A diploma thesis is not really a published paper. The reasons why it is added here to the list of my publications are twofold. First, it is a typical example of tasks performed in automatic control during that period. Second, I have learned a first essential systems engineering principle from this experience.
The subject of my diploma thesis dealt with the control of the magnetic vertical gap between the track and a high-speed magnetic alleviated train. The innovative idea was to consider the aerodynamic effects not just as disturbances, but to try to make some use of the aerodynamic forces for lifting the train in support of the magnetic force. As aerodynamic forces increase with speed approximately following a square function, this was a promising idea. The challenge for the automatic controller to fight against the disturbances following a square function at high speeds could be reduced. Less magnetic energy in the magnetic gap would mean less weight of the vehicle eventually. And, a smoother ride for the passengers seemed to be likely.

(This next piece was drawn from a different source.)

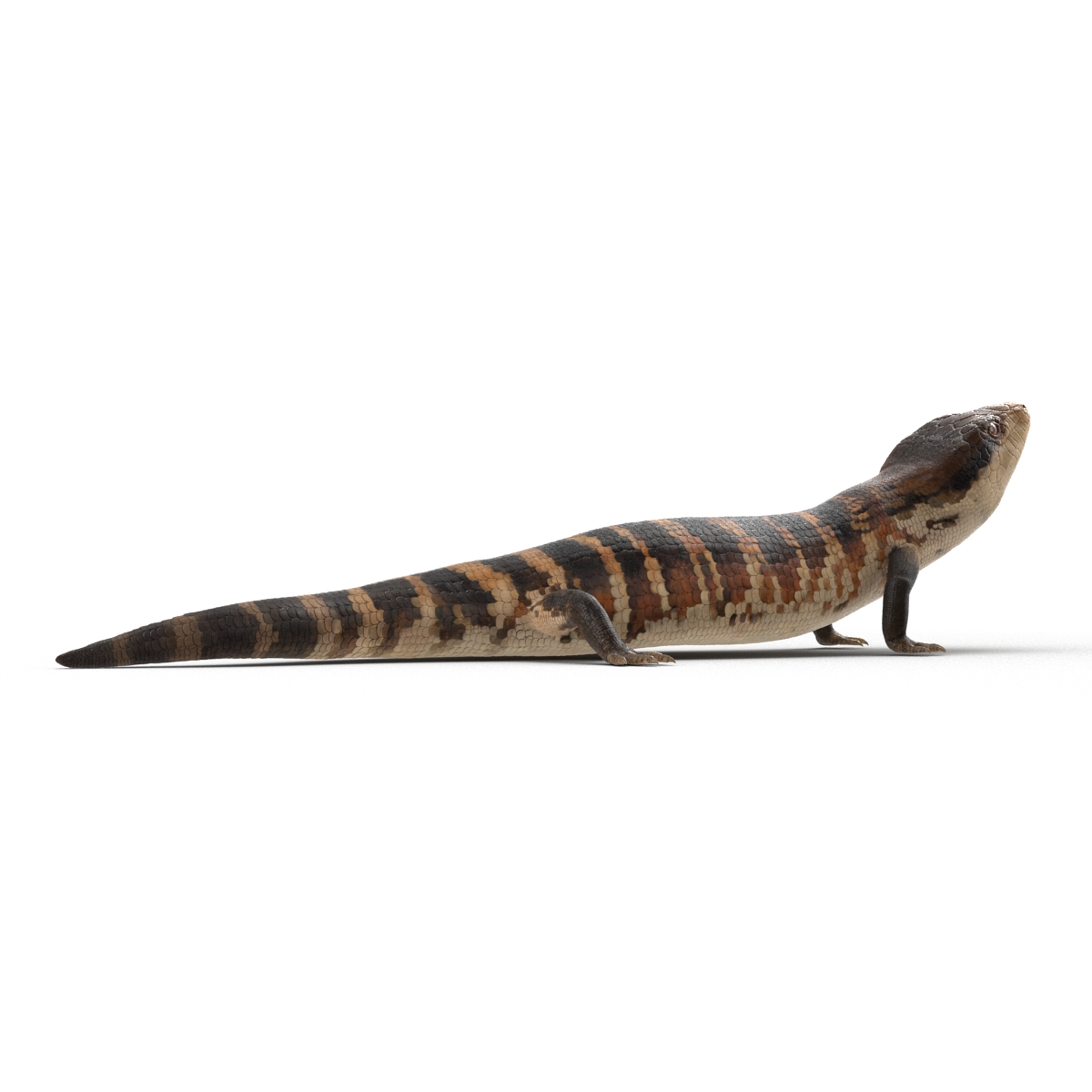 3D model Blue Tongued Skink Pose 3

My role in the whole endeavour was to set up a first simple simulation model and to perform initial simulations applying optimal control theory on the basis of quadratic cost functions. From the research assistant I had got a differential equation system with a model of the magnet and another for the flight dynamics and some coupling terms between those models. Not all of the coupling terms had been defined yet, some were still under discussion involving a number of professors and further experts, and some seemed to be reasonable since they were undisputed.
The way this model had been generated seemed somewhat dubious to me. As a naïve novice, I tried to develop it using the mechanical and electro-magnetic laws from scratch. I ended up with a result that looked reasonable to me. But the solution was a bit different from the received simulation model. The most significant difference was that I came up with a differential equation system that was of the sixth order instead of the seventh order.
For good reasons, I am always sceptical regarding the results of my calculations. I repeated the deduction of the simulation model several times again. When I was convinced of the absence of nuisance errors in my algebraic calculations, I started to investigate why the solutions were different. The result of the analysis demonstrated that I was right. Just adding up the model of the magnet and the flight dynamic model does not work because the vertical force equation was defined twice independently from each other for the magnet and the flight dynamics.
When I introduced my solution to the research assistant, he was quite a bit reluctant to accept it. But despite the time and effort he had invested before, he advised me two weeks later to proceed on the basis of my solution.
Since then, I have been always rather cautious in just adding up partial models for defining a complete system model. It took not too long until I made a similar experience when I was working on my doctoral thesis, but this time with respect to a model that is commonly used in text books about flight dynamics.